7. Data Processing Pipeline

sequenceDiagram
    participant User
    participant Admin as Admin Panel
    participant Server as NestJS Server
    participant GCS as Google Cloud Storage
    participant Redis as Redis Streams
    participant Worker as Ingestion Worker
    participant GFS as Google File Search
    participant WS as WebSocket

    User->>Admin: Upload file via drag & drop
    Admin->>Server: POST /api/files/:conceptId/:group<br/>(multipart form data)

    Server->>GCS: Upload original file<br/>(tenant-scoped path)
    GCS-->>Server: Cloud file path

    Server->>Server: Create FileEntity in PostgreSQL<br/>(status: "pending")

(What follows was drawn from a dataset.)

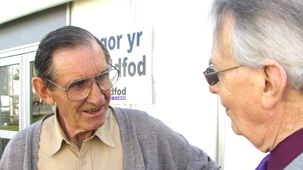 Gair o brofiad - Dic Jones, chwith,  yn siarad gyda'r cyn Archdderwydd Robyn Llyn,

    Server->>Redis: XADD stream:zweistein<br/>{type: "file", conceptId, entityId,<br/>cloudFilePath, filename}

    Server-->>Admin: 200 OK (file entity)
    Admin->>WS: Subscribe to file status updates

    Note over Redis,Worker: Consumer Group Processing

    Redis->>Worker: XREADGROUP (picks up job)
    Worker->>Redis: Send "processing" notification
    Redis->>Server: Notification received
    Server->>WS: Push "processing" status to UI
    WS-->>Admin: File status: "processing"

    alt PDF / Text Document
        Worker->>GCS: Download file via signed URL
        Worker->>Worker: Parse document<br/>(PyMuPDF, text extraction)
        Worker->>GFS: Index text chunks<br/>(Google File Search)
    else Image
        Worker->>GCS: Download file
        Worker->>Worker: Call IMAGE_EXPLAINER_ENDPOINT<br/>(OCR / description)
        Worker->>GFS: Index image description
    else Video / Audio
        Worker->>GCS: Download file
        Worker->>Worker: Whisper transcription<br/>(local model)
        Worker->>GFS: Index transcript
        Worker->>GCS: Upload .md transcript
    else YouTube
        Worker->>Server: SSE to /quick-actions/media/transcribe
        Worker->>GFS: Index transcript
        Worker->>GCS: Upload .md transcript
    else Website URL
        Worker->>Worker: spider_rs scraping<br/>+ readabilipy cleanup
        Worker->>GFS: Index markdown content
        Worker->>GCS: Upload .md content
    end

    Worker->>Redis: XADD notification stream<br/>{phase: "done", payload}

    Redis->>Server: Notification: processing complete
    Server->>Server: Update FileEntity<br/>(status: "done",<br/>transcript path if applicable)
    Server->>WS: Push "done" status to UI
    WS-->>Admin: File status: "done" (green check)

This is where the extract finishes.